I mention a particular incident in The Apprentice where she nearly throttled a contestant for saying two people were "fighting like women". Is she a feminist? She sidesteps the label, "I just don't like boxing people in. I don't believe in that. You can't tag a load of people and say 'they do that, and they do that'. We're all individuals." That said, men seem to get shorter shrift than women do throughout our chat, "I think men are desperate gossips, more into gossip than women even are," she ventures at one point. And on another occasion: "I always say when the design of something is wrong, be it in a car or whatever – I go immediately 'that was designed by a man'. They have their own skill set, but they don't have the same understanding. Every woman knows that."

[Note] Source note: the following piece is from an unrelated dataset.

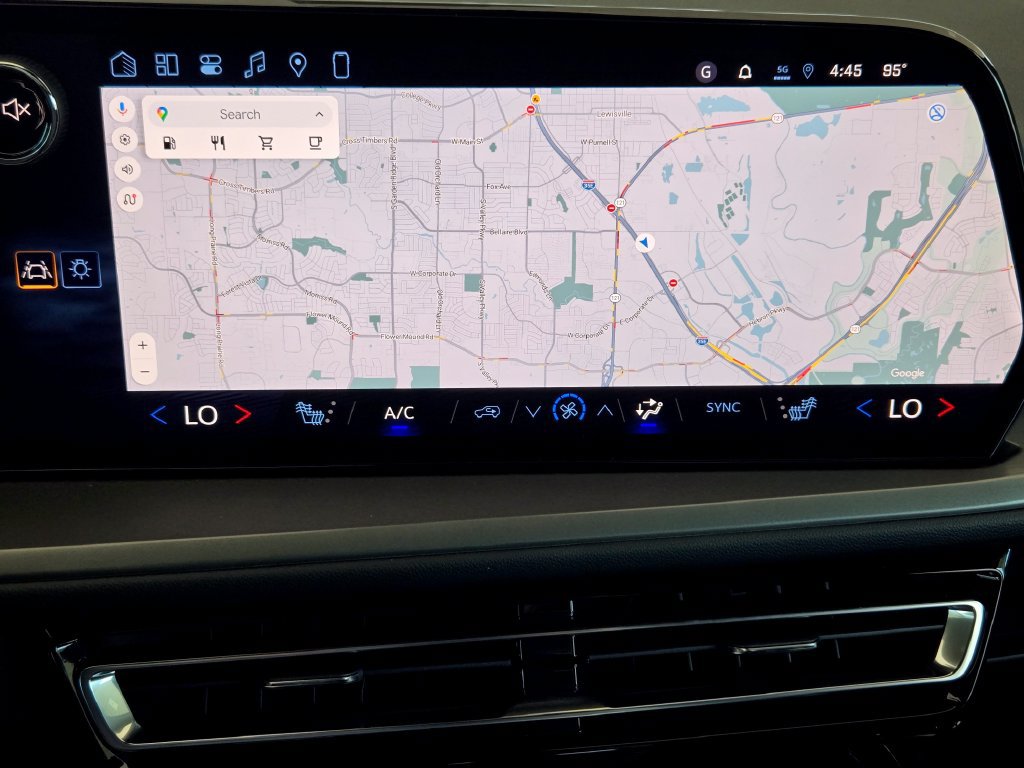 New 2026 Chevrolet Traverse LT w/ Enhanced Driving Package FWD image 13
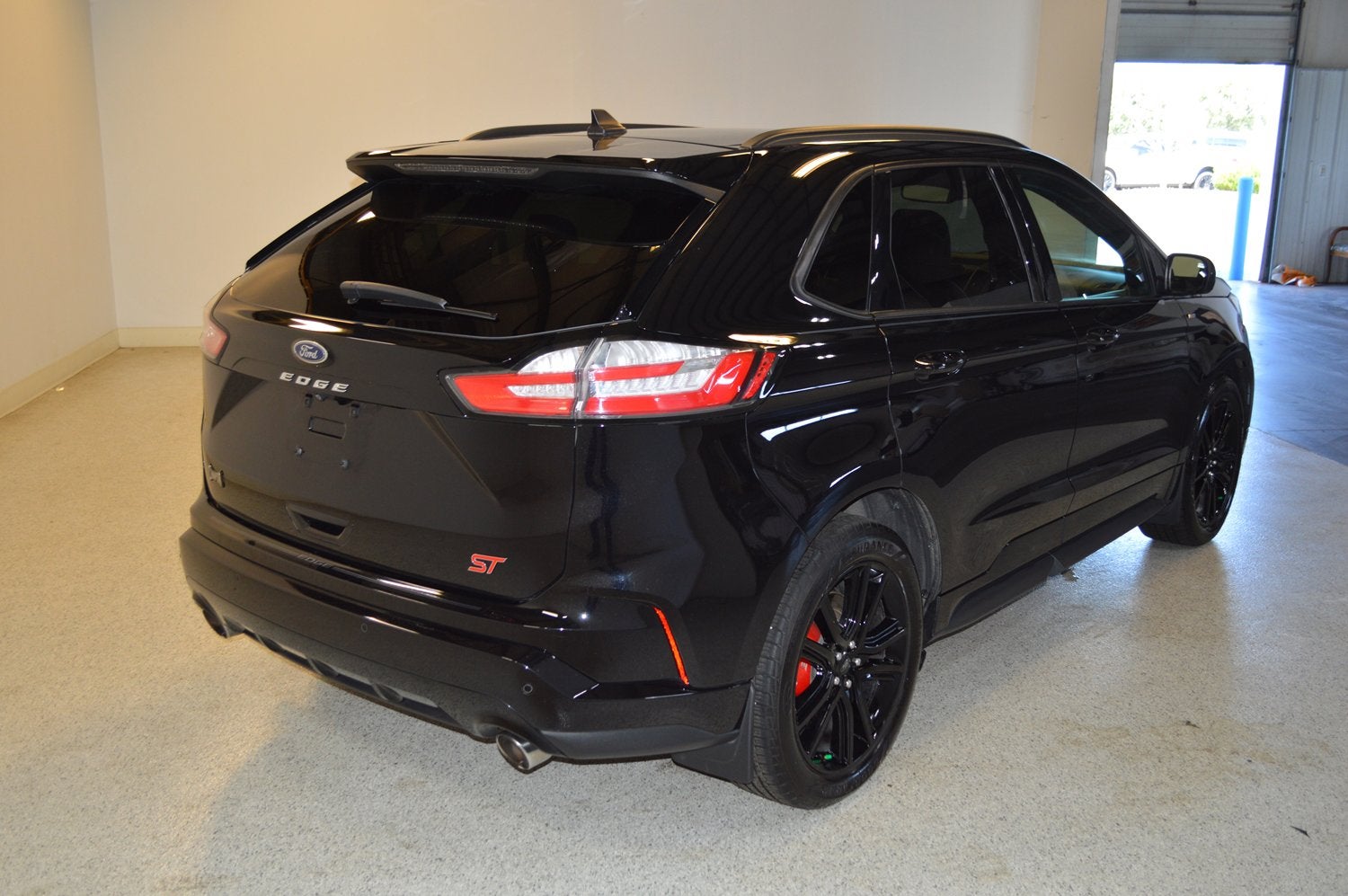 2021 Ford Edge ST Line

Her observations come back to the TV show, "The women to begin with have got the whole team thing going, they are far more cohesive. There is more time for individualism as the thing goes on, but in the beginning, the trick is to get the team to win and stay out of the boardroom. That can only be achieved by working together. The guys are all 'I'm better than you' and macho, and being more individualistic. They don't get that, they're all very 'me, me, me', jostling around," she scoffs.
Lavin is not keen to answer particularly personal questions, and although she's extremely warm and chatty, she can be coy when it comes to her partnership to Bill (she "leaves him at it" when he's with his friends talking about the motor industry. Their favourite place in the world is Kerry. There are advantages and disadvantages to working with someone you're in a relationship with, "you're constantly talking about work.") As we finish up, I ask her if there's any personal belief system she goes by. "Work hard, do your best, and don't take yourself too seriously," she says. "There's nothing I wouldn't do in the morning if things were difficult. I remember when I was in the fashion business, people would be astonished that I'd be cleaning my own windows in the morning. Why wouldn't I? I go down and polish the brass on the front door in the hotel. Why should somebody else do it? I'm responsible for everything, and if something is wrong it's my responsibility."
And with that, Lavin is off, breezing out of the hotel as more heads turn.